Biasing means generally designated 30 are disposed in the vehicle 10 to initially provide forward motion to the vehicle 10. The biasing means 30 is separate and independent from, and in addition to, the motor 20. The biasing means 30 comprises a linear coil spring 32 (such as a compression spring) and a piston 34 which is retractable against the influence of the spring 32. The axes of the spring 32 and the piston 34 are longitudinally aligned with the longitudinal axis of the vehicle 10. In FIG. 1, the vehicle 10 is shown as having a longitudinally spaced pair of wheel sets (i.e., a front wheel set and a rear wheel set), with the biasing means 30 being disposed intermediate the two sets. However, since the biasing means 30 is not functionally engaged with any of the wheels 14 or axles 16, it may in fact be disposed anywhere in the chassis 12, provided that there is some means for loading the piston 34 against the spring 32. As illustrated, the spring 32 has its forward end fixed to the chassis 12 and its rear end bearing against the enlarged head 36 of the piston 34 at the rear end thereof. The bottom of the chassis 12 defines a slot 40 which enables a member (not shown in FIGS. 1A PG,12 or 1B) to be inserted into the slot 40 and used to move the piston head 36 forwardly relative to chassis 12, thereby to load the piston 34 against the compressed spring 32, either by backward motion of the vehicle 10 relative to the member or a forward motion of the member relative to the vehicle 10. The member does not extend upwardly as far as the axle 16 so that, upon release of the vehicle 10, as the vehicle is propelled in the forward direction, the axle 16 can pass over the member without interference from that member.

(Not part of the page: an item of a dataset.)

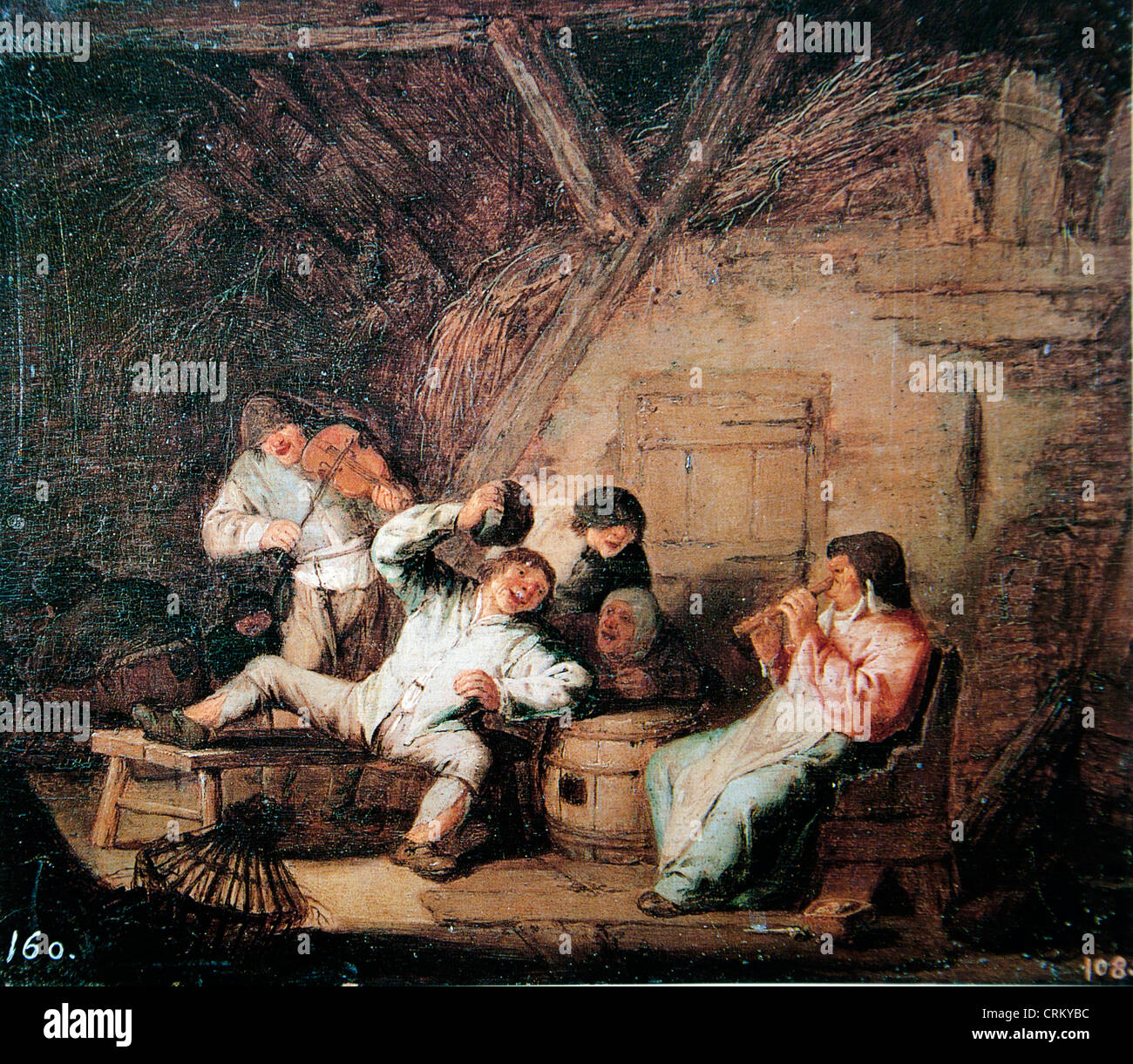 Adriaen van Ostade – die rustikale Konzert Stockfoto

If desired for particular applications, especially for use of the vehicle in the absence of a launcher, the piston head 36 may project outwardly from the rear of the chassis 12 so that the piston 34 may be loaded against the spring 32 simply by backing the vehicle 10 against a stationary surface contacted by the piston head 36. In this instance, the chassis slot 40 may be dispensed with, but care must be taken to ensure that the center of gravity of the vehicle is not adversely affected.
The chassis 12 defines an abutment surface 42 which is available for engagement by the locking means of the launcher to restrain the vehicle from forward motion until the locking means is released--for example, by being depressed below the level of the abutment surface 42.

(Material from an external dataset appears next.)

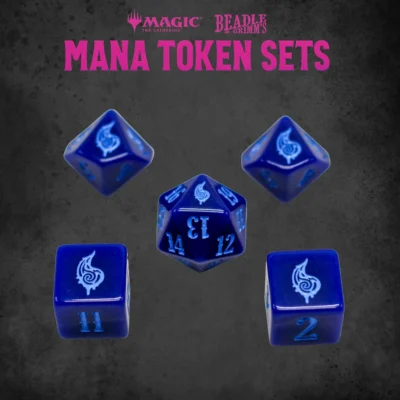 MTG Beadle & Grimm's Blue Mana Token Set - Imagen 4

It will be appreciated that the toy vehicle 10 according to the present invention is capable of a quick start and a long run because the biasing means 30 provides the vehicle with a maximum forward motion force essentially immediately upon release of the vehicle from its restrained position, and the motor 20 provides the vehicle with an additional maximum forward motion force thereafter once the motor has "come up to speed." The provision within the vehicle 10 of two independent and separate means of propulsion in the forward direction--one propulsion means comprising the wind-up spring-driven motor 20 and the other comprising the biasing means 30--runs counter to the practice of the industry, which is to generally minimize the weight of the vehicle 10 and thus its inertia. However, the provision of the lightweight metal compression spring 32 and a lightweight plastic piston 34 does not greatly contribute to the weight and inertia of the vehicle, yet at the same time provides the desirable quick start. And where the biasing means 30 is disposed not in the vehicle 10, but rather in the launcher used in association therewith, the weight of the biasing means 30 does not increase the weight of the vehicle at all.
The vehicle 10 described above may be used in conjunction with a conventional launcher (not shown) having releasable locking means for precluding forward motion of the vehicle mounted thereon. Such launchers are well known in the toy vehicle art and hence need not be described herein in further detail.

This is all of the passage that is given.